Pengesahan RUU SDA Molor, Target Pencapaian Program 100-0-100 Terhambat
jpnn.com, JAKARTA - Banyak pihak berharap agar Rancangan Undang-Undang Sumber Daya Air (RUU SDA) bisa disahkan oleh DPR periode 2014 – 2019.
Hal itu disebabkan pentingnya keberadaan payung hukum yang mengatur SDA pascapembatalan semua pasal terhadap Undang-Undang Nomor 7 Tahun 2004 Tentang Sumber Daya Air oleh Mahkamah Konstitusi pada 18 Februari 2015.
Karenanya, aturan payung hukum baru harus segera diterbitkan. Pentingnya diundangkannya dengan segera RUU SDA yang baru karena, meskipun keputusan MK juga menyatakan bahwa UU No 11 Tahun 1974 tentang pengairan diberlakukan kembali.
Namun, MK dalam amar keputusannya juga tidak menyatakan semua aturan pelaksanaan yang mengikuti UU No 11 Tahun 1974 berlaku kembali. Dengan demikian, semua aturan tesebut juga batal demi hukum. Sebab, semua aturan pelaksanaan UU No 11 Tahun 1974 juga dibatalkan oleh seluruh tata aturan di bawah UU Nomor 7 Tahun 2004.
Berlarut-larutnya RUU SDA untuk segera diundangkan, akan berdampak pada terhambatnya iklim yang tidak kondusif dan proses investasi yang belum ada kepastian hukumnya untuk mengatur pendirian industri berbasis air di Indonesia.
Padahal dalam catatan Badan Koordinasi Penanaman Modal (BKPM), investasi paling besar pada 2018 lalu masih berasal dari sektor listrik, gas, dan air yang mencapai Rp 117,5 triliun atau 16,3% dari total investasi, di mana Penanaman Modal Asing (PMA) di sektor ini sebesar Rp 392,7 triliun atau 15%) dari total investasi.

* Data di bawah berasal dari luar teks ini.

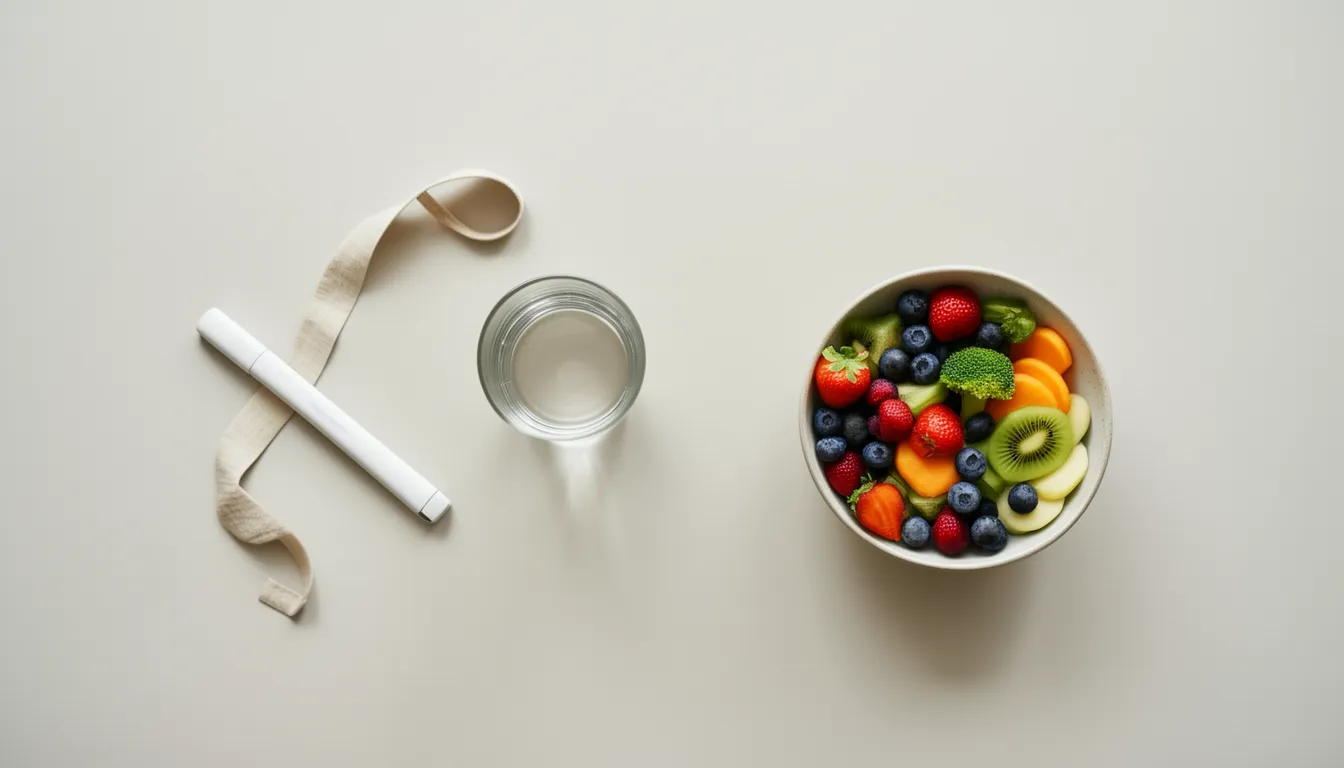 A weekly injection pen, a tape measure, a glass of water and a bowl of fresh fruit and vegetables on a neutral surface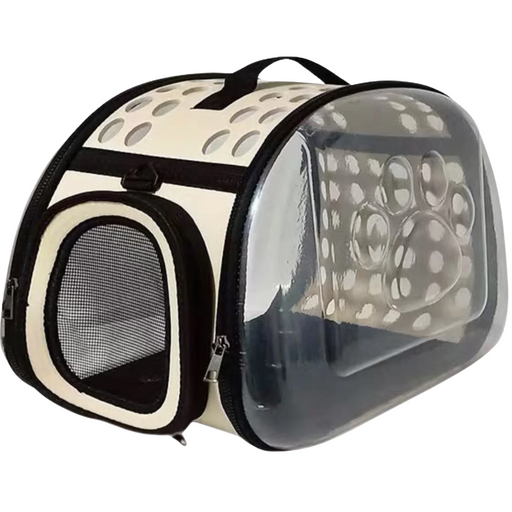 Transparent Sling Pet Carrier (Vanilla) – Foldable Travel Bag for Pets packaging and full view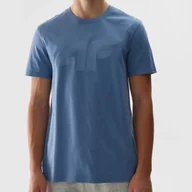 Koszulki męskie - Koszulka Męska 4F Sportowy T-shirt Denim Regular TTSHM1155 S Niebieski - miniaturka - grafika 1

Dalam diskusi pakar yang diadakan Pusat Studi Hak Asasi Manusia Universitas Negeri Medan dengan TERRA Simalem, Rabu (17/7), Direktur Center for Regulation, Policy, and Governance (CRPG) Mohamad Mova Al’Afghani melihat masih banyaknya kekurangan dari RUU SDA ini.
Di antaranya soal pemenuhan hak masyarakat atas air, dan jaminan kualitas air untuk kebutuhan pokok masyarakat. Selain itu juga soal izin swasta untuk SPAM.